* DATASET ENTRIES *

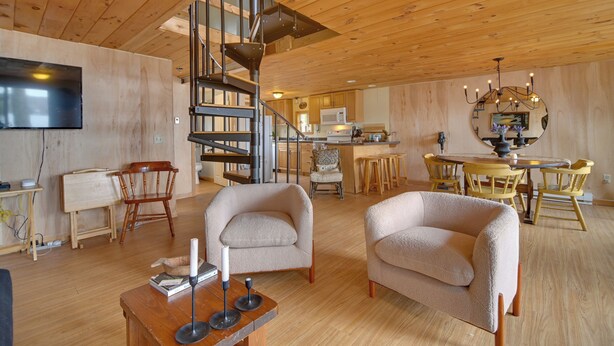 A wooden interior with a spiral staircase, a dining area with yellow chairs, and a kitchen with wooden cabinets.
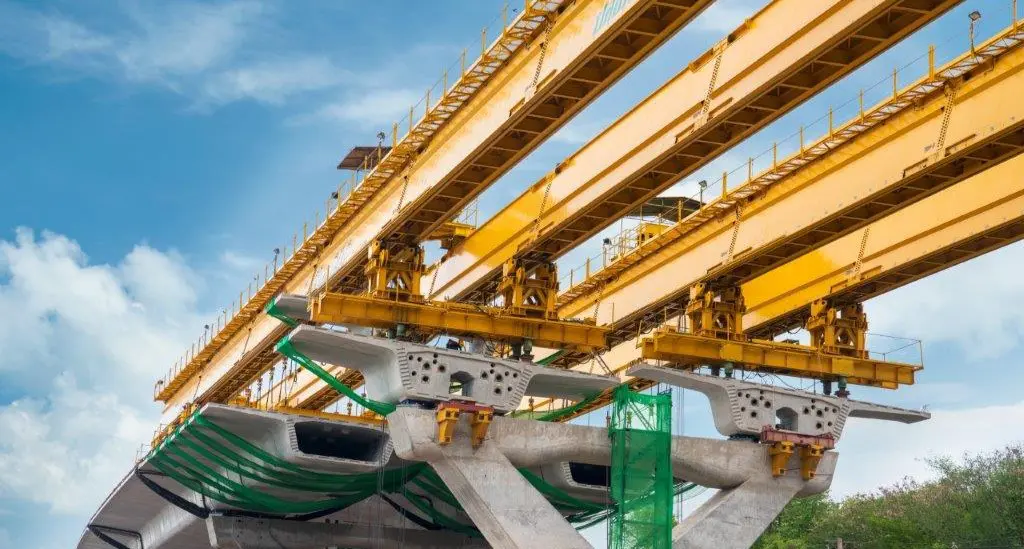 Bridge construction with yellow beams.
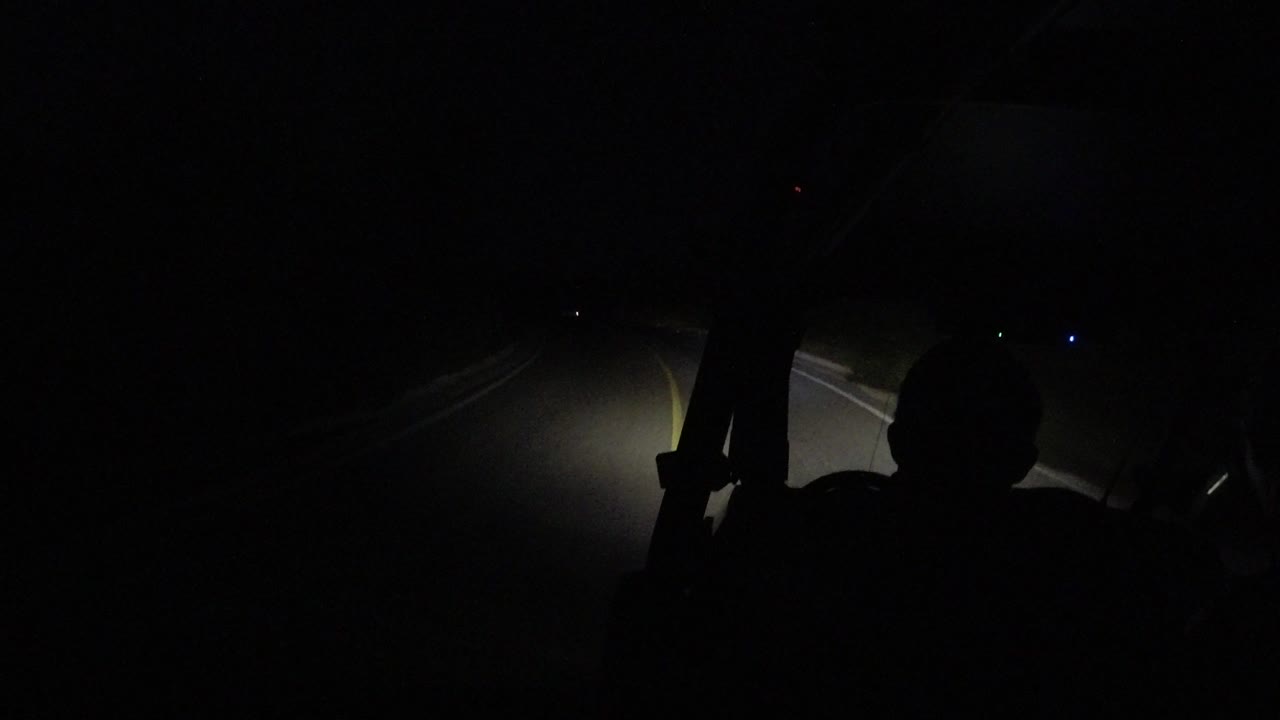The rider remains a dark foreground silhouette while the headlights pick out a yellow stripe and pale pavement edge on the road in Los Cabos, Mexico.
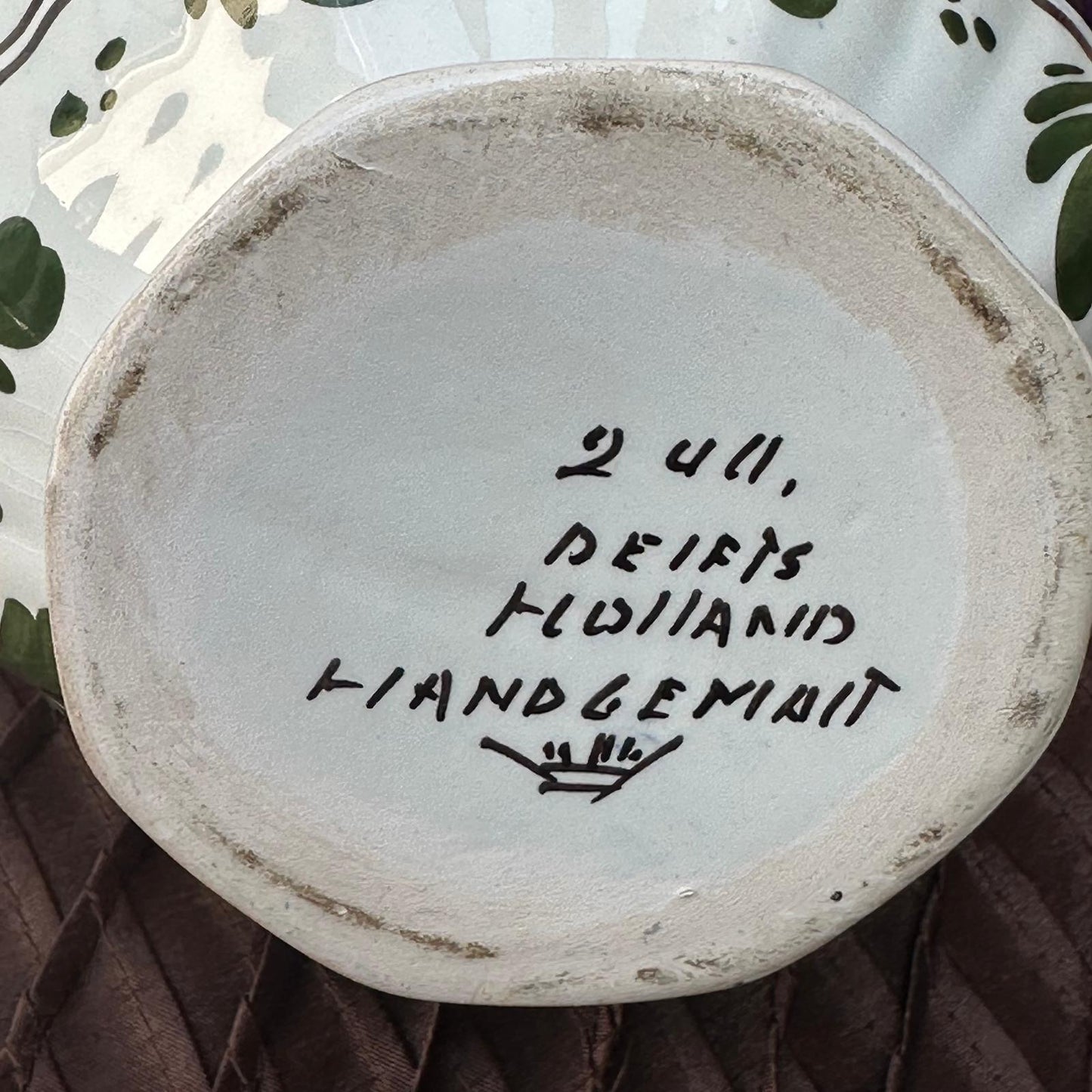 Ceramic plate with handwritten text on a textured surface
---
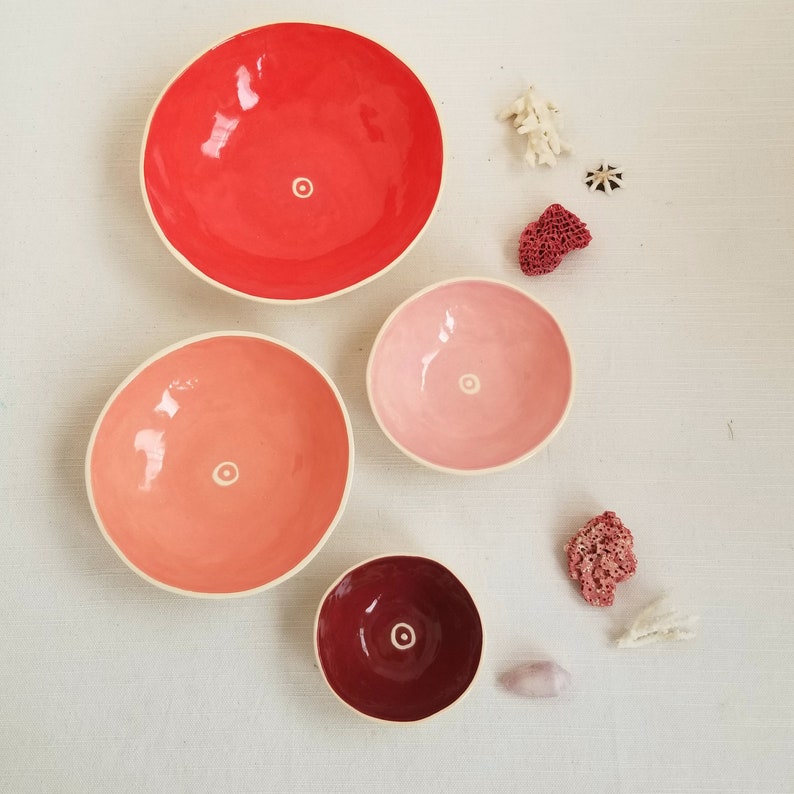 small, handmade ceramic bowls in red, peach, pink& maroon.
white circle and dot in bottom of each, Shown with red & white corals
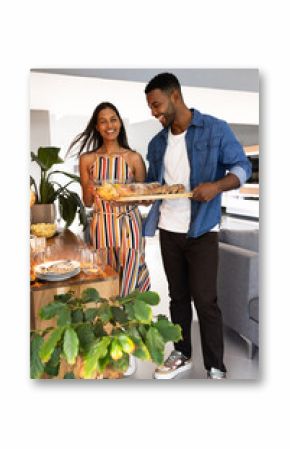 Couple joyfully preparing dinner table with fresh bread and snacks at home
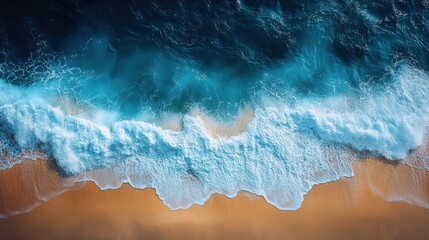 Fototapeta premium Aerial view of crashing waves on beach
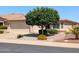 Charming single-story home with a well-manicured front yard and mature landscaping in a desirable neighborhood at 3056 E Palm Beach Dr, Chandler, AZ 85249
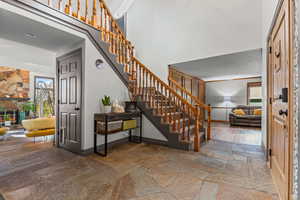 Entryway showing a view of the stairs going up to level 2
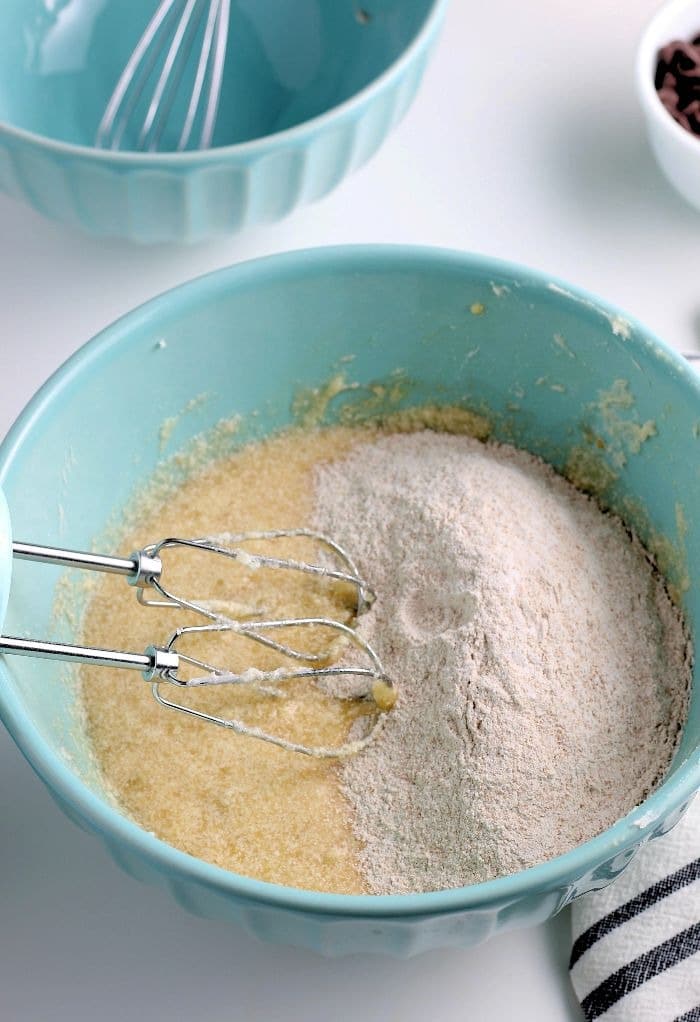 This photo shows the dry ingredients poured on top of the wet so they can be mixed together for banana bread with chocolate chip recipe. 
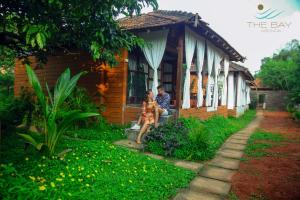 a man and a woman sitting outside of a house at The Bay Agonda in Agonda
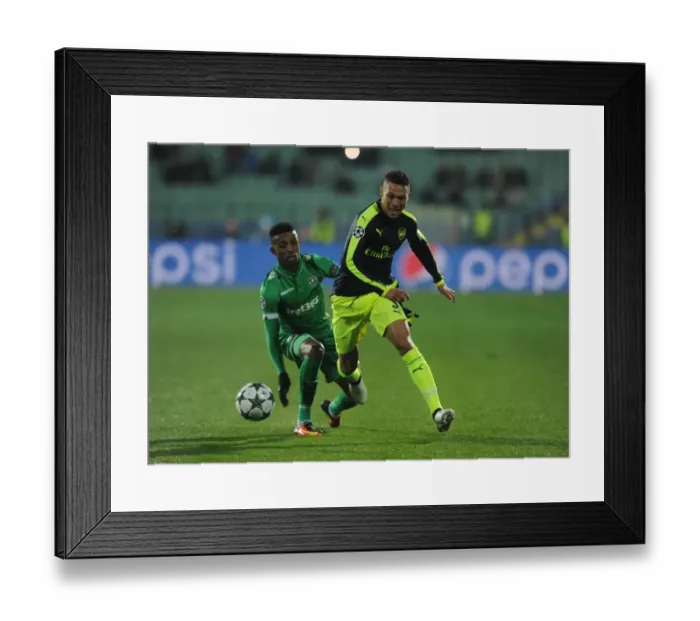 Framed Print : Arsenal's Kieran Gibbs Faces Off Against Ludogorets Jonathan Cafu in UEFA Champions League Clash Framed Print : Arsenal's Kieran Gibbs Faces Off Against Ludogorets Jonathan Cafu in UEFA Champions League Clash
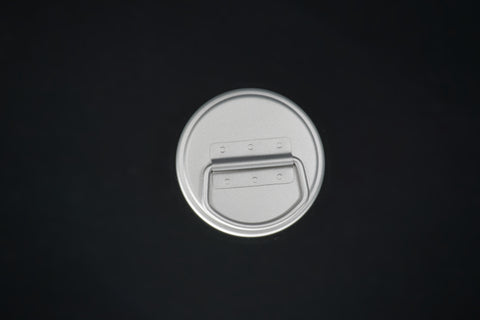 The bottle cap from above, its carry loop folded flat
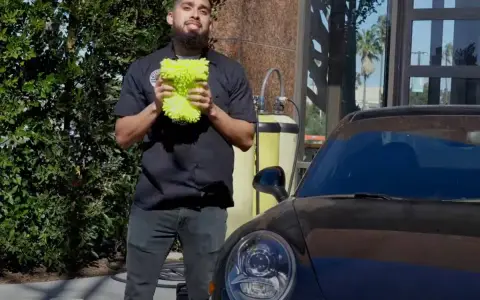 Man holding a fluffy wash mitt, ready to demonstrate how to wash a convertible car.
---
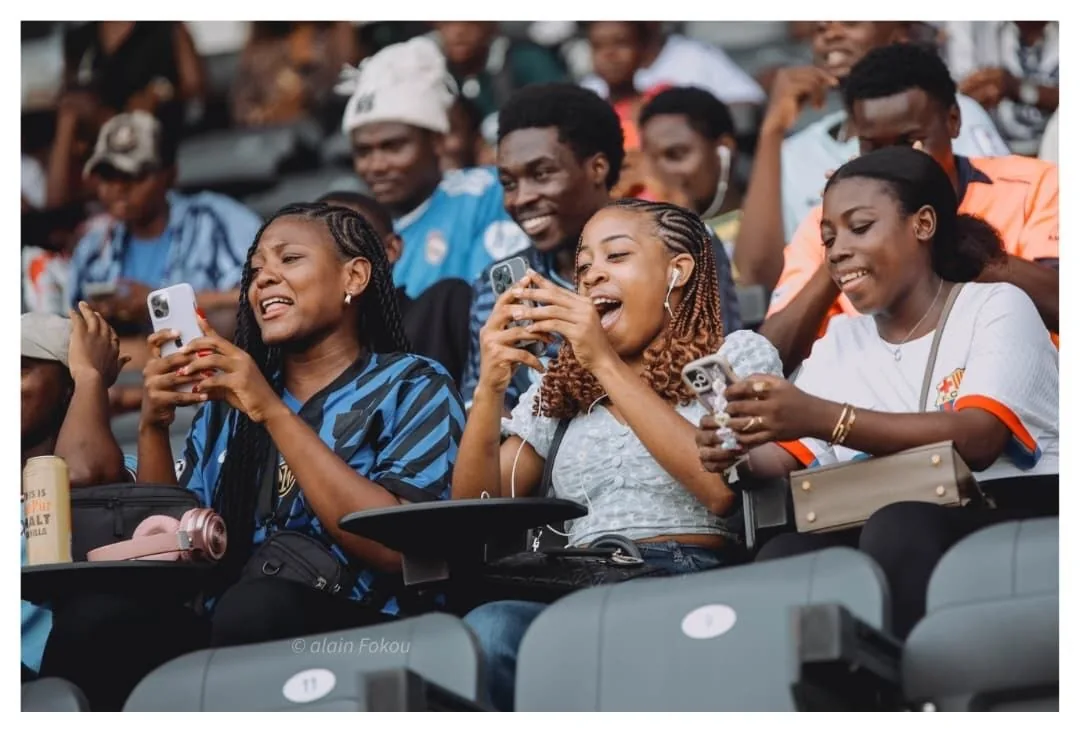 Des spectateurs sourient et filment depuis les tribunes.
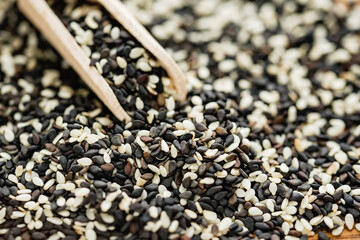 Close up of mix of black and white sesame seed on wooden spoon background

* TASK DESCRIPTION *
Copy the entries above exactly, but only the stretch from the line containing "The rider remains" through the line containing "Ceramic plate with". Keep both end lines; drop the pictures.

* ANSWER TO THIS EXERCISE *
The rider remains a dark foreground silhouette while the headlights pick out a yellow stripe and pale pavement edge on the road in Los Cabos, Mexico.
 Ceramic plate with handwritten text on a textured surface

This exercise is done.